Biblical Secrets to a Happy MarriageSample
“Mutually Reconnect With and Forgive Your Spouse After Conflict”
When it comes to marriage, how you end a fight is just as important as how you avoid one because disagreements are inevitable. When you and your mate experience hurt feelings and conflict, it is vitally important to both signal the forgiveness that God commands of us and the acceptance of being forgiven. One of the most effective ways to do that is to share a private signal that says “We’re okay.”
So many of the happy couples I interviewed said they had their own secret language to say “I’m sorry” and “we’re OK.” One reason many couples went from troubled to strong in their relationship was this habit of mutual reconnection after hurt feelings.
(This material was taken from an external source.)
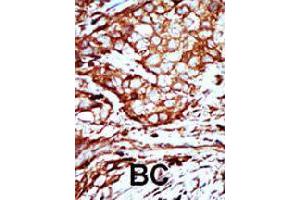Formalin-fixed and paraffin-embedded human breast cancer tissue reacted with YWHAB polyclonal antibody  , which was peroxidase-conjugated to the secondary antibody, followed by AEC staining. (YWHAB 抗体  (C-Term))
These signals don’t necessarily mean the problem itself has been resolved, but they let both spouses know that in spite of the problem, the relationship is okay.
What were these signals? They ranged from a basic statement (“are we okay?” “yeah, we’re okay”) all the way to silly little private-language elements that would only make sense to them. Some husbands and wives touched pinkie fingers, some had a funny phrase they shared to make the other person crack up, some had great make-up sex, but almost all of them had their own way of reassuring each other that they were choosing to get over their hard feelings, and their relationship was still strong.
Does “moving on” without making up have the same effect? Well… 70 percent of the happy couples sent these signals, where only 22 percent of the so-so or struggling couples did. It makes a difference.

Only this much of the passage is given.